When you are faced with such circumstances, you basically have only a few limited choices. You can stomp your feet about and yell until you get your own way (but you probably won't get anywhere, and you might not find what you wanted is all you hoped if you do - again look at Israel's demands for a king, and God's response). You can passively accept things as they have been and continue to swim against the tide and hope for a lucky break. You can lose faith in what you have already attained and walk away from all God's providence and promises.
I don't think any of these responses are correct. I don't believe God wants us to abandon hope or rob us of it any more than he wants us to try and impatiently snatch it out of his hands. I believe he wants us to surrender our hopes to Him and to entrust them to Him.
Abraham had to trust that God would somehow allow Isaac to walk away from Mount Moriah; Josiah had to trust that God would guide him and strengthen him as he reformed his nation. Jesus had to trust that in obeying his Father's will, and paying our ransom through his sacrifice, that he would be raised to new life.
In my case I have to trust that in surrendering my ideas and intentions to God, that he will give them back to me in a meaningful way that is pleasing to Him, when the relevant time is accomplished. I have resolved not to try and engineer any circumstances for opportunity myself in my personal situation until Lent ends. There may well be natural opportunities that arise, but I have committed to not explore them fully in my favour until that time, or unless God himself turns things around.
In all cases, this is hard. The flesh (the sinful aspect of our human nature), tells us there are no guarantees... that is the cost of the sacrifice and the journey. However, the Spirit and scripture say:
"And we know [with great confidence] that God [who is deeply concerned about us] causes all things to work together [as a plan] for good for those who love God, to those who are called according to His plan and purpose."Romans 8:28 (AMP)
It is this knowledge... this belief, that sustains us through our sacrifices - this and the knowledge that we have One at the Father's side who endured the greatest sacrifice and is able to show sympathy and empathy to our situation through the Spirit.
It can be a hard thing to know and accept that God is sovereign... that He is the potter and we are the clay, but at the same time, that same knowledge is at least equally reassuring.
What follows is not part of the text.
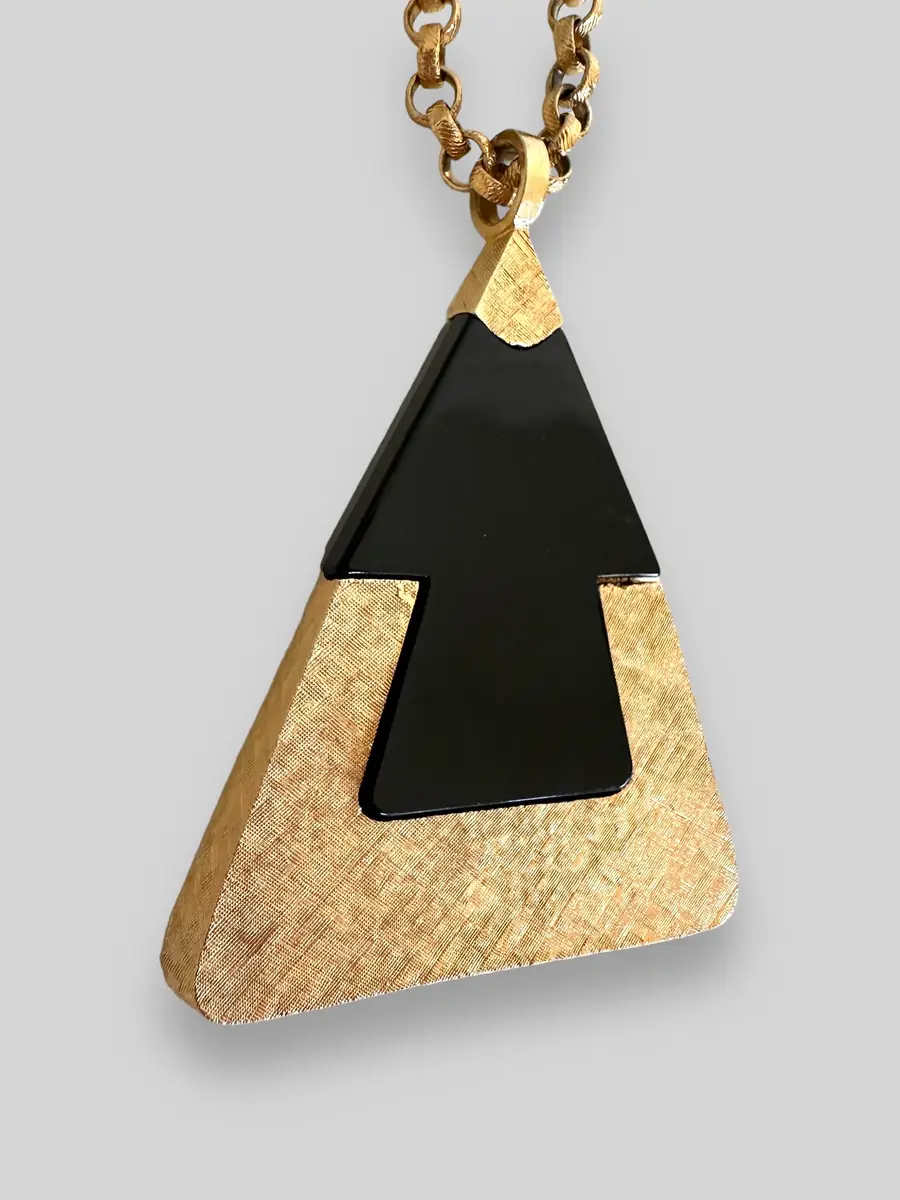 Jen Wonders Studio Triangle pendant | Thumbnail 6 Jen Wonders Studio Triangle pendant | Thumbnail 6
The question we have to ask ourselves when the time comes, is are we prepared to trust our faith in the One we serve, or let our feelings about our circumstance overwhelm and dominate our actions.
For further contemplation and response:
- Have you felt leaned upon, this Lent? What are your experiences?
- What do you think of personally when you consider the idea and theme of "sacrifice"?
- How does the idea of God being "deeply concerned about us", help you when He asks you to make a personal sacrifice?